YOUR TASK:
Reproduce the data in full, exactly as it appears.

MATERIAL PROVIDED:

Content starts

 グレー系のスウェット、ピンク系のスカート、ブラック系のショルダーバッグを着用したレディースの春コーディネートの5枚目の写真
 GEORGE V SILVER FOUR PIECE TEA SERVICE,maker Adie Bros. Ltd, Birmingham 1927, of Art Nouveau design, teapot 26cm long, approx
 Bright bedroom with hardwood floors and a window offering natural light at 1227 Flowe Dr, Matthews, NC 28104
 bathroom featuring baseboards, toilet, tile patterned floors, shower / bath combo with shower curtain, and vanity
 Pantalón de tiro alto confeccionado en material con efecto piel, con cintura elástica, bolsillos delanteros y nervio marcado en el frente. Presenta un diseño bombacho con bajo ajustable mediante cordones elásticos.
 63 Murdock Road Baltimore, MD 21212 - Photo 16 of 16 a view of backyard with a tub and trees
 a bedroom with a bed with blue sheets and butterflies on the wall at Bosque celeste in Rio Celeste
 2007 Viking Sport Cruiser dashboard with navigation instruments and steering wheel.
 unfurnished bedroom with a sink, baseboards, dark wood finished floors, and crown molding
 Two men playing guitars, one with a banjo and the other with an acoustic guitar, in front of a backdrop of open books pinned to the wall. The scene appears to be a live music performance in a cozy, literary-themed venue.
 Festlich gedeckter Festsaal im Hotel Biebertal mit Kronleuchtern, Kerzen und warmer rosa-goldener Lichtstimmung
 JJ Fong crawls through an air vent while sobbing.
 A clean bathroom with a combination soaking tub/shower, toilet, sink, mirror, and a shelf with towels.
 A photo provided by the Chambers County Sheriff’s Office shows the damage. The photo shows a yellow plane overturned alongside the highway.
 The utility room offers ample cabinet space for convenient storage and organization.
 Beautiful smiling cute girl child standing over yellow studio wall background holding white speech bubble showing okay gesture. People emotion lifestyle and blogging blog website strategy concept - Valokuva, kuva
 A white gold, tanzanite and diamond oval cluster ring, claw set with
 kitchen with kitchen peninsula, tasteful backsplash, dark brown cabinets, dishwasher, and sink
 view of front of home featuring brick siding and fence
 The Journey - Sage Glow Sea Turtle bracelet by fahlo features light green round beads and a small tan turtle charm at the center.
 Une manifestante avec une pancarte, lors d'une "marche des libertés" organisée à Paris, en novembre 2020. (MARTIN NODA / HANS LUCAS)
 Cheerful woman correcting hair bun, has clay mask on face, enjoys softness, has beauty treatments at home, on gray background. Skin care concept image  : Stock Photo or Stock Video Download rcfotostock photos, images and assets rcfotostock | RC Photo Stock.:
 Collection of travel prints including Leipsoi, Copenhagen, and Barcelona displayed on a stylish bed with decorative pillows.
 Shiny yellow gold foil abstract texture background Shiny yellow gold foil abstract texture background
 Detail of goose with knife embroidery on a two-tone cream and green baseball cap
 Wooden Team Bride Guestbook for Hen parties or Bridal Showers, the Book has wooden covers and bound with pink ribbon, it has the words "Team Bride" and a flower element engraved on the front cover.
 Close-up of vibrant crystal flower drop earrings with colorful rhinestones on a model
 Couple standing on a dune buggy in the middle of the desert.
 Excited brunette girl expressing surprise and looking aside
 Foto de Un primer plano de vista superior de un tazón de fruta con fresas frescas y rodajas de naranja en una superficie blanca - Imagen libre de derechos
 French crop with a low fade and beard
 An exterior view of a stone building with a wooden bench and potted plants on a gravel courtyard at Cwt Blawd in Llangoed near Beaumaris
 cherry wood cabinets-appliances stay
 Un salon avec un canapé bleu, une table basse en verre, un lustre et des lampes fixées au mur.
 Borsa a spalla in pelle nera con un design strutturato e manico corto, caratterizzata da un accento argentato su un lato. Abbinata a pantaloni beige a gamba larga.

Content ends

ANSWER SECTION:
 グレー系のスウェット、ピンク系のスカート、ブラック系のショルダーバッグを着用したレディースの春コーディネートの5枚目の写真
 GEORGE V SILVER FOUR PIECE TEA SERVICE,maker Adie Bros. Ltd, Birmingham 1927, of Art Nouveau design, teapot 26cm long, approx
 Bright bedroom with hardwood floors and a window offering natural light at 1227 Flowe Dr, Matthews, NC 28104
 bathroom featuring baseboards, toilet, tile patterned floors, shower / bath combo with shower curtain, and vanity
 Pantalón de tiro alto confeccionado en material con efecto piel, con cintura elástica, bolsillos delanteros y nervio marcado en el frente. Presenta un diseño bombacho con bajo ajustable mediante cordones elásticos.
 63 Murdock Road Baltimore, MD 21212 - Photo 16 of 16 a view of backyard with a tub and trees
 a bedroom with a bed with blue sheets and butterflies on the wall at Bosque celeste in Rio Celeste
 2007 Viking Sport Cruiser dashboard with navigation instruments and steering wheel.
 unfurnished bedroom with a sink, baseboards, dark wood finished floors, and crown molding
 Two men playing guitars, one with a banjo and the other with an acoustic guitar, in front of a backdrop of open books pinned to the wall. The scene appears to be a live music performance in a cozy, literary-themed venue.
 Festlich gedeckter Festsaal im Hotel Biebertal mit Kronleuchtern, Kerzen und warmer rosa-goldener Lichtstimmung
 JJ Fong crawls through an air vent while sobbing.
 A clean bathroom with a combination soaking tub/shower, toilet, sink, mirror, and a shelf with towels.
 A photo provided by the Chambers County Sheriff’s Office shows the damage. The photo shows a yellow plane overturned alongside the highway.
 The utility room offers ample cabinet space for convenient storage and organization.
 Beautiful smiling cute girl child standing over yellow studio wall background holding white speech bubble showing okay gesture. People emotion lifestyle and blogging blog website strategy concept - Valokuva, kuva
 A white gold, tanzanite and diamond oval cluster ring, claw set with
 kitchen with kitchen peninsula, tasteful backsplash, dark brown cabinets, dishwasher, and sink
 view of front of home featuring brick siding and fence
 The Journey - Sage Glow Sea Turtle bracelet by fahlo features light green round beads and a small tan turtle charm at the center.
 Une manifestante avec une pancarte, lors d'une "marche des libertés" organisée à Paris, en novembre 2020. (MARTIN NODA / HANS LUCAS)
 Cheerful woman correcting hair bun, has clay mask on face, enjoys softness, has beauty treatments at home, on gray background. Skin care concept image  : Stock Photo or Stock Video Download rcfotostock photos, images and assets rcfotostock | RC Photo Stock.:
 Collection of travel prints including Leipsoi, Copenhagen, and Barcelona displayed on a stylish bed with decorative pillows.
 Shiny yellow gold foil abstract texture background Shiny yellow gold foil abstract texture background
 Detail of goose with knife embroidery on a two-tone cream and green baseball cap
 Wooden Team Bride Guestbook for Hen parties or Bridal Showers, the Book has wooden covers and bound with pink ribbon, it has the words "Team Bride" and a flower element engraved on the front cover.
 Close-up of vibrant crystal flower drop earrings with colorful rhinestones on a model
 Couple standing on a dune buggy in the middle of the desert.
 Excited brunette girl expressing surprise and looking aside
 Foto de Un primer plano de vista superior de un tazón de fruta con fresas frescas y rodajas de naranja en una superficie blanca - Imagen libre de derechos
 French crop with a low fade and beard
 An exterior view of a stone building with a wooden bench and potted plants on a gravel courtyard at Cwt Blawd in Llangoed near Beaumaris
 cherry wood cabinets-appliances stay
 Un salon avec un canapé bleu, une table basse en verre, un lustre et des lampes fixées au mur.
 Borsa a spalla in pelle nera con un design strutturato e manico corto, caratterizzata da un accento argentato su un lato. Abbinata a pantaloni beige a gamba larga.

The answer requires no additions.